1. Field of the Invention
The present invention is generally related to a method for attaching a first conductor, such as a copper component, to a second conductor, such as a component made of a ferrous alloy, and, more particularly, for welding a stranded copper wire lead to an electrical conductor extending from an electronic device.
2. Description of the Prior Art
Several ways for attaching a conductor, such as a stranded wire lead or a solid wire lead, to a terminal post are well known. One method comprises the steps of stripping a length of insulation from the wire to expose the metal strands, tinning the wire by dipping the metal strands at the stripped end in a suitable flux, immersing the stripped end in molten solder, wrapping the tinned lead around a terminal post to make a secure mechanical connection and applying heat and a flux-core solder to the connection until the joint is completely covered.
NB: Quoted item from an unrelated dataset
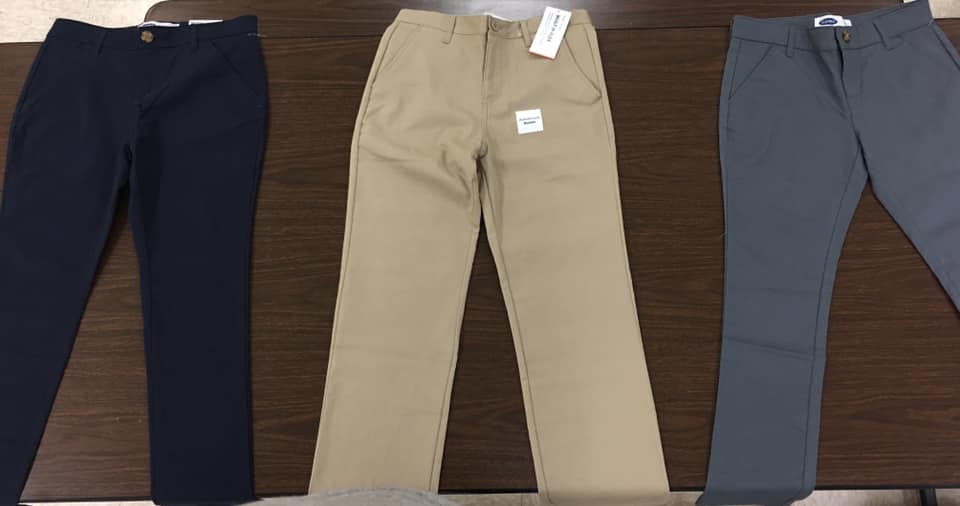 Navy Blue Pants, Khaki Pants, Gray Pants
The joint is then permitted to cool so that the molten solder solidifies. Finally, the joint is cleaned to remove the excess flux by using a solvent solution. Typically the solvent solution is a chlorinated fluorocarbon or a flammable organic.
In certain situations, limited space between the terminals precludes the wrapping of the stranded wire around the terminal to make a secure mechanical connection. In situations when space is not available to wrap the wire around the terminal, a lap joint is sometimes used. Typically the mechanical and electrical suitability of this type of lap joint is very dependent on operator skills and the results can therefore be very unpredictable.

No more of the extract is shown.